After the Fukushima’s accident in 2011 both countries changed their plans. Germany went back to the nuclear phase-out timeline agreed in 2002, so that it will have no nuclear power by 2030. Japan seems to have decided not to build new reactors and gradually retire the existing ones, so that  about 20-22% of electricity will come from nuclear power in 2030 (somewhat similar to what Germany planned before Fukushima). Thus, we can compare four energy plans from two countries: two pre-Fukushima with more nuclear and two post-Fukushima with less nuclear. 

If nuclear power was an enemy of renewables, the 'pro-nuclear' plans would have less wind, solar and biomass. However, in the pre-Fukushima plans, renewables in both Germany and Japan would grow 2.7 times between 2010 and 2030. This is especially remarkable in Japan, with its planned spectacular nuclear growth. In the post-Fukushima plans and scenarios they grow even more: by 3.1-3.3 times, which does not, however, compensate for the dramatic cut in nuclear power. What does then? 

The answer is: coal. In the pre-Fukushima scenarios, coal-based electricity declines 2.6-2.7 times, but in the post-Fukushima plans and scenarios, it only goes down 7-10% (see figures below).

Nuclear, coal, and renewables (*excluding hydro) in electricity production in Japan. Sources: IEA World Energy Balances (2010). Duffield and Woodall (2011) and METI (2010) (for pre-Fukushima). METI (2014) and Japan's Intended Nationally Determined Contribution (INDC, 2015) (for post-Fukushima).

Nuclear, coal, and renewables (*excluding hydro) in electricity production in Japan.

Sources: IEA World Energy Balances (2010). Duffield and Woodall (2011) and METI (2010) (for pre-Fukushima). METI (2014) and Japan's Intended Nationally Determined Contribution (INDC, 2015) (for post-Fukushima).

Thus, in their less-nuclear plans both countries would produce 17-19% more renewables, but 2.5 times more coal than in the pro-nuclear plans. In other words, the competition between nuclear and coal seems to be much more apparent than between nuclear and renewables. 
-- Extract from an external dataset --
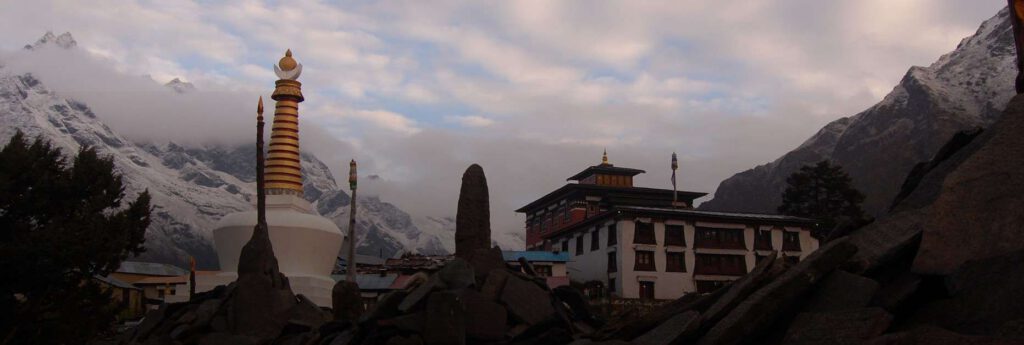 Tengboche monastery skyline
Nuclear, coal and renewables (*excluding hydro) in electricity production in Germany. Sources: IEA Energy Balances (for 2010). Schlesinger et al (2010), scenario SIIA (for pre-Fukushima); Schlesinger et al (2014) (for post-Fukushima)

Nuclear, coal and renewables (*excluding hydro) in electricity production in Germany.

Sources: IEA Energy Balances (for 2010). Schlesinger et al (2010), scenario SIIA (for pre-Fukushima); Schlesinger et al (2014) (for post-Fukushima)

Why is this so? A likely explanation is two-fold. The first part is that these two states plan to deploy as much renewables as possible independently of their attitudes to nuclear energy. Both countries planned the same amount of renewables both in the relatively nuclear-friendly pre-Fukushima years and nuclear-hostile post-Fukushima years. This means that their plans for renewables were shaped not by the 'nuclear lobbies', but rather by other factors (costs, grid capacities, etc.) . The second part is that once the amount of renewables is given, it should be supplemented by certain baseload  and peaking generation. While peaking generation can be provided by coal or natural gas, nuclear or coal are needed for baseload generation, at least in the near future. That is why nuclear power competes with coal, but not with renewables.